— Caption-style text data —

· · ·

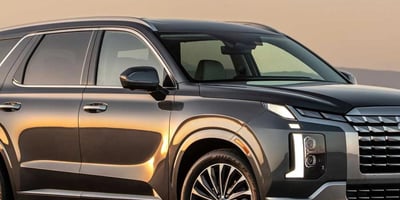 2026 Hyundai Palisade'ın İç Mekanı İlk Kez Görüldü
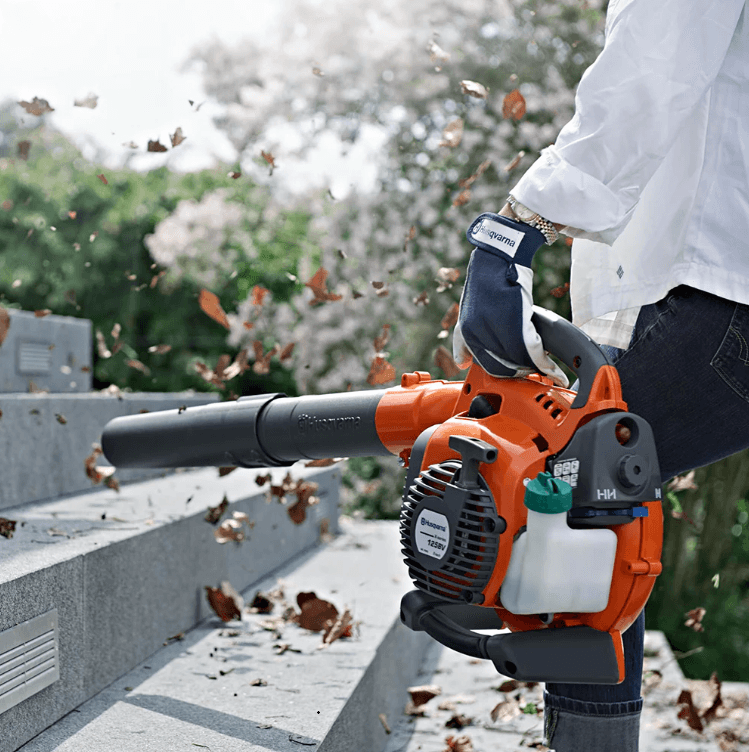 Husqvarna 125 BVx Petrol Blower / Shredder Vac - Image 7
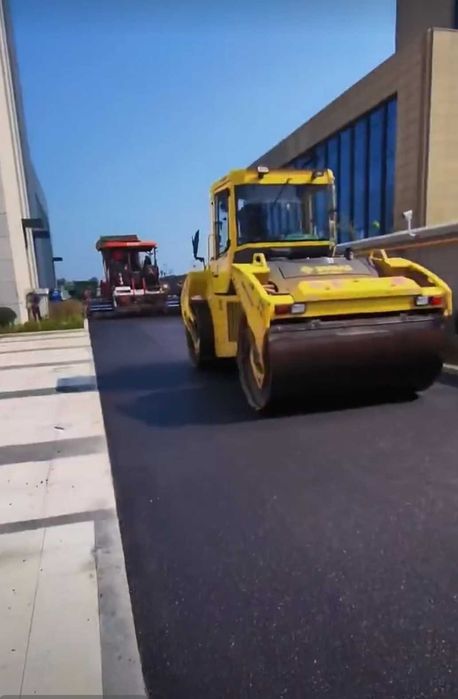 Асфальт Хизматлар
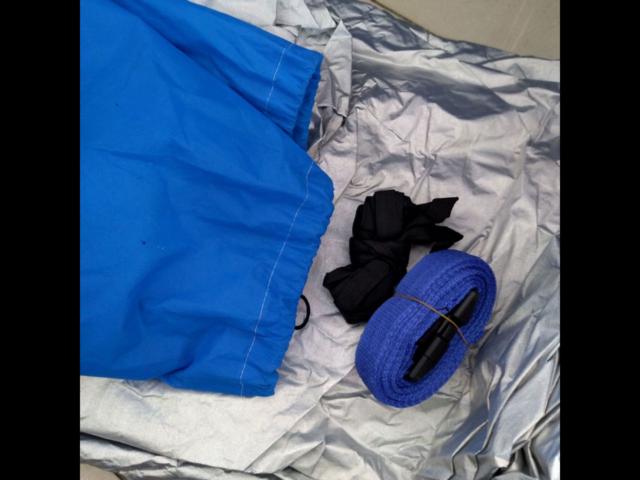 BMW X2
etc... Manufacturer unknown
Body Cover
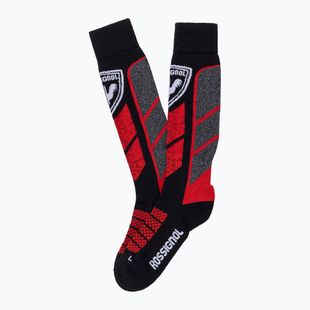 Skarpety narciarskie męskie Rossignol Termotech sports red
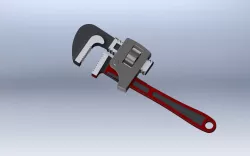 Pipe Wrench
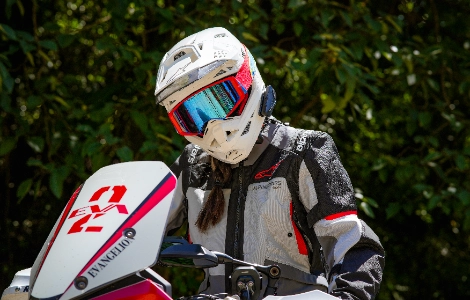 バイクヘルメットインターホン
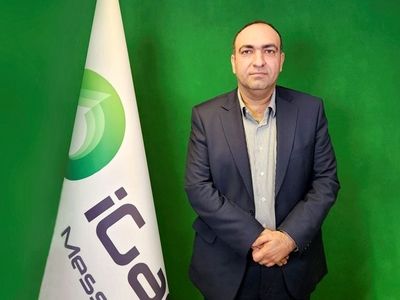 کیومرث حاجی رحیمیان مدیرعامل پیام‌رسان آیگپ شد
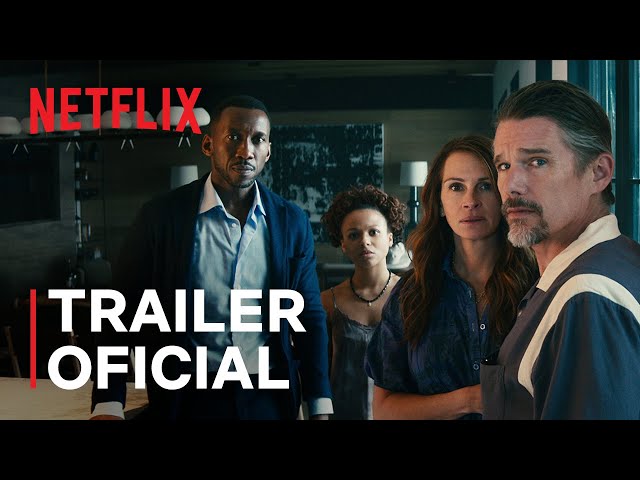 O Mundo Depois de Nós | Trailer oficial | Netflix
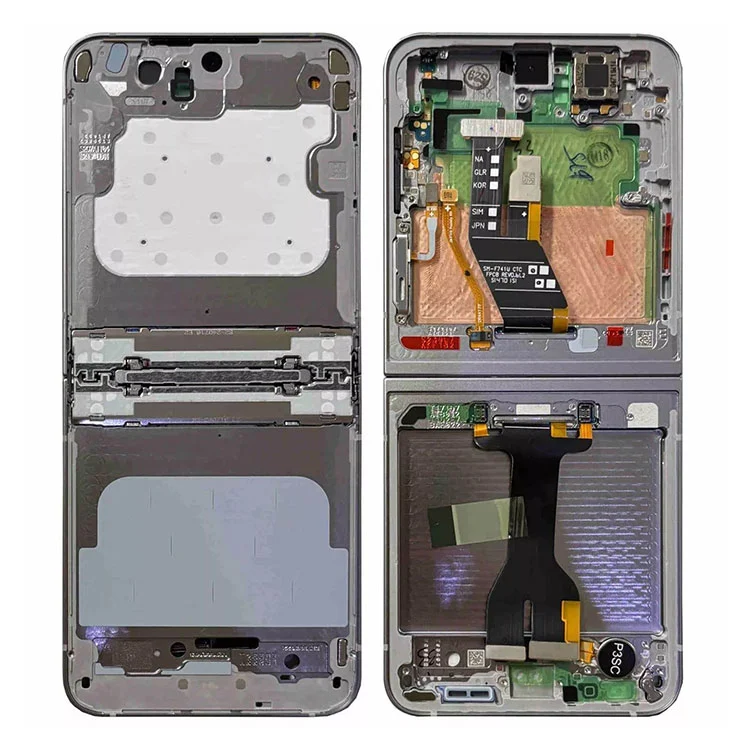 Pantallas lcd flip 6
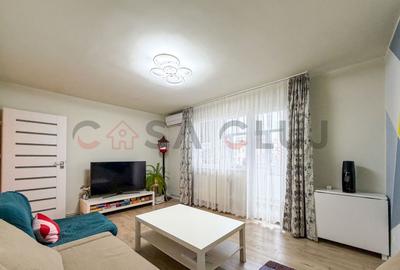 Apartament cu 4 camere decomandat, mobilat în Mănăștur - 2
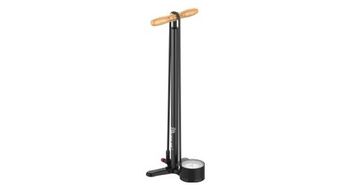 Bomba lezyne clik floor drive hp  max 220 psi   15 2 bar  negra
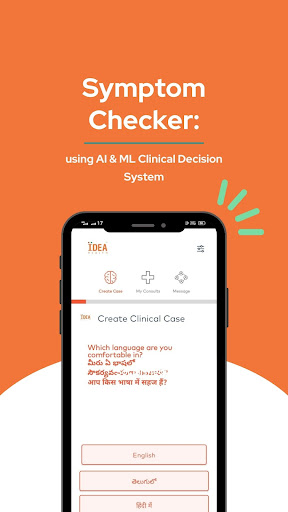 IDEA Home Health Screen 2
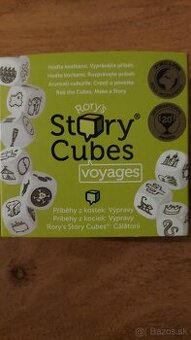 Kocky Story cubes spoločenská hra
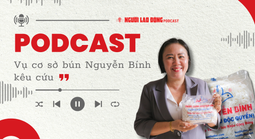 Nỗi lòng của bà chủ thương hiệu bún Nguyễn Bính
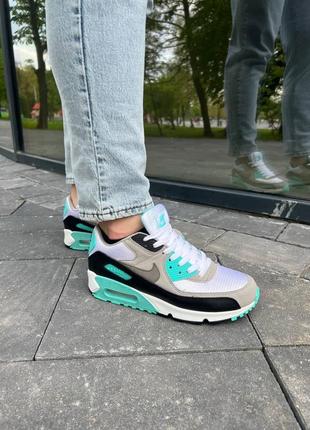 Мужские кроссовки nike air max 906 фото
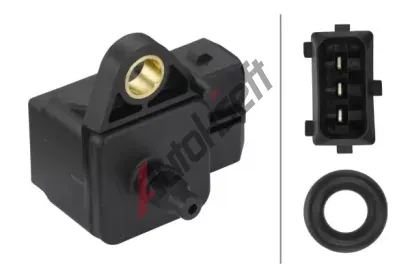 HELLA Senzor tlaku sacho potrub HE 6PP009400-561, 6PP 009 400-561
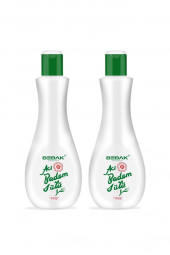 Bebak Acı Badem Sütü 120 ml 2 Adet - 1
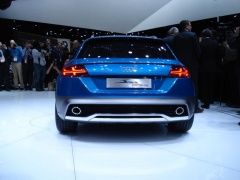 Audi TT Might Consider Crossover for 2015 pic #2818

· · ·

— EXERCISE INSTRUCTIONS —
Which lines run from the one containing "Pipe Wrench" to the end of the data above? Set down those lines exactly, and only those, without any pictures.

— TASK OUTPUT —
 Pipe Wrench
 バイクヘルメットインターホン
 کیومرث حاجی رحیمیان مدیرعامل پیام‌رسان آیگپ شد
 O Mundo Depois de Nós | Trailer oficial | Netflix
 Pantallas lcd flip 6
 Apartament cu 4 camere decomandat, mobilat în Mănăștur - 2
 Bomba lezyne clik floor drive hp  max 220 psi   15 2 bar  negra
 IDEA Home Health Screen 2
 Kocky Story cubes spoločenská hra
 Nỗi lòng của bà chủ thương hiệu bún Nguyễn Bính
 Мужские кроссовки nike air max 906 фото
 HELLA Senzor tlaku sacho potrub HE 6PP009400-561, 6PP 009 400-561
 Bebak Acı Badem Sütü 120 ml 2 Adet - 1
 Audi TT Might Consider Crossover for 2015 pic #2818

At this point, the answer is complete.